Koller was a German physician who was said to have spent about four months in Bonny in 1840. Moreover, he sure made good use of the time jotting down facts and the people's way of life. Moreover, the reader would not blame him, we humans are thirsty for knowledge, so it was a typical attitude to know the ways of life of the people who accommodated him.
He was said to make good use of the time collecting wordlists, recording all types of detailed observations about the various ways of Bonny people. In his overbearing conclusion and facts, it was thereby seen that Bonny indeed had Igbo solid ties and was more or less, in fact, of Igbo origin. This was not only based on trade but cultural practices as well.
This is no discovery at the time, Captain Hugh Crow of Liverpool had stated directly without an iota of objection on his part. The author quotes him directly, "The King of New Calabar, in the neighborhood, and Pepple, the King of Bonny, were both of Eboe descent, of which are also the mass of the natives; and the number of the slaves from the Eboe country, which throughout the existence of British trade were taken from Bonny, amounted to about three-fourth of the whole export." (Captain Hugh Crow, Memoirs of the Late Captain Hugh Crow of Liverpool, P. 196) Now that we have a brush with some of the facts, this short article is written to describe the significance of Bonny Igbo's [Ubani's] history and sheds light on the Bonny- coastal and hinterland relations and the role of Igboland [their culturally and historically related kith and kins] as an exporter of agricultural produce and metallic products. This, the author must say, has been ignored and neglected by historians, which has encouraged fabrications of all sorts when it concerns the true history of Grand Bonny and its people [more pitifully, the historians of various universities have been asleep when it comes to Bonny's history, which had made way for all sort of fabrications. And if it weren't for the British and all other foreign documentation, we would indeed have been with a different story altogether] Igbo was and is still the language widely spoken in the riverine area. This is not only because of the Igbo hinterland's proximity but also because Bonny, as we have it today, is related to what we call the Ndoki's, an Igbo tribe in Abia state, Nigeria. We have reports spanning the quarters that Bonny is an Ijaw enclave when this is not true and to spearhead this belief, some scrupulous persons are pushing forth their agenda by capturing the ancestral land of the Bonny people, and that is Ndoki, calling it an Ijaw area. This should be laughable because Ndoki, as we have it today, has no relations with the Ijaw, except perhaps in the advent of the slave trade or trade in general.
However, our primary focus is the level of interactions between Bonny Island and the Igbos [why do they speak Igbo, and why are they Igbos]. First of all, the advent of the slave trade did not create this interaction or early trade—a false truth. Bonny has been Igbo [Ubani] right from its founding fathers who were from the Ngwa/Ndoki sections of Igbo land.

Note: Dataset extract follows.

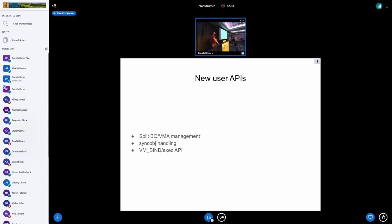So that's sort of step one. The second thing is, we need to be able to call sync objects. So there's these synchronization objects where when you submit work to the GPU, you pass in an array of objects to wait on, the work to do, and an array of objects to signal.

The Bonny language is the mother tongue for a significant portion of the people, and for a small part, it was said to be adopted. Moreover, a large part of this city-state consisted of enslaved people purchased or seized by other tribes, sometimes from a far distance.Most of such people not born in Bonny are either enslaved people from the Igboland or were brought there by the Igbos from the interior—this was when a strong sense of nationalism amongst the Igbo was not as prevalent. The presence of a great majority of Igbos in Bonny, whether it is those who are indigenes of that land or those brought from the interior, had necessitated a concentration of the Igbo language in that section of the country. Interestingly the only other documented ethnic presence on the island across several records were the Brass people who were indigenous to the lands far west of Bonny. The Brass themselves were not ijaws but with elements of Ijaw culture from assimilation. A further reason for a strong Igbo presence in Bonny asides the fact the Bonny people themselves were Igbo, is the fact that the Bonny people were in constant communication and contact with the Igbo hinterland and this tightened trade and cultural influences between both areas. The significant portions of the goods imported by the colonials found their way to the Igbo hinterland from Bonny. Furthermore, the hinterland also was where most of Bonny's trade and expertise flourished.

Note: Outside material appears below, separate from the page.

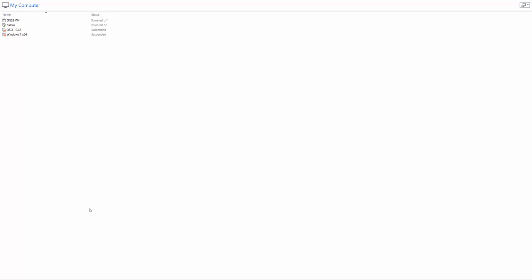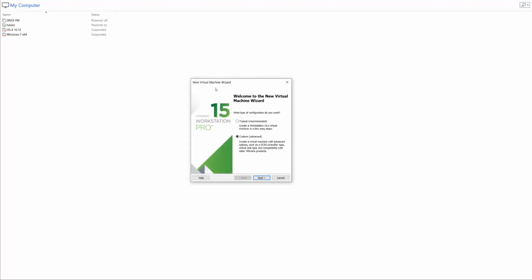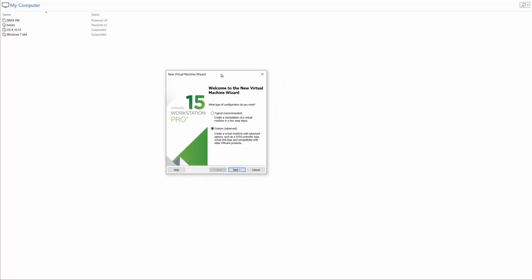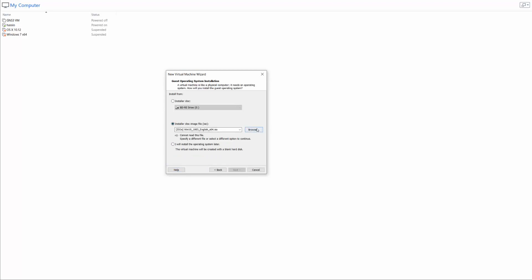So with that being said, I'm going to start off with creating a brand new virtual machine. I'm going to go to File, New Virtual Machine, and you can see the wizard has popped up here. I'm just going to tell it I'm going to make a typical virtual machine, and I'm going to be using an ISO.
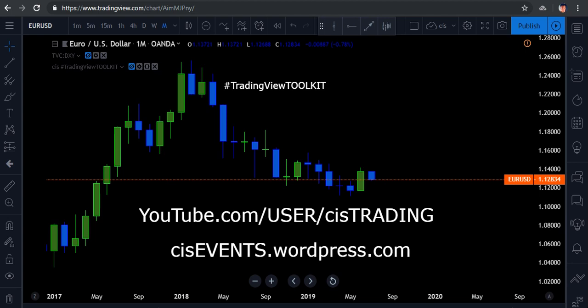I'm JC with FX Insights, the owner, developer, and creator of TradingView Toolkit and Thinkorswim Toolkit. I am introducing and reviewing the use of timeframes and how to set those up on the tradingview.com chart package.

Before the preponderance of Europeans in the city-state, all types of weaponry in Bonny were purchased from the Igbo hinterland. They purchased daggers, swords, spears, and all types of tools from the Igbo country. Maize, yam, and various food products was also gotten from the Igbo hinterland, and lovely, soft pattern clothes and jewelry were also bought.This is not a detailed study, but it helps in appreciating the Igbo heritage of Bonny from inception. Calling themselves Ubani holds no ill-will, but what bothers everyone is calling their ancestral language a language gotten from the enslaved people, which is laughable. If this was so, we wonder why the Americans still speak English, and perhaps not Akan, Yoruba, or even Igbo.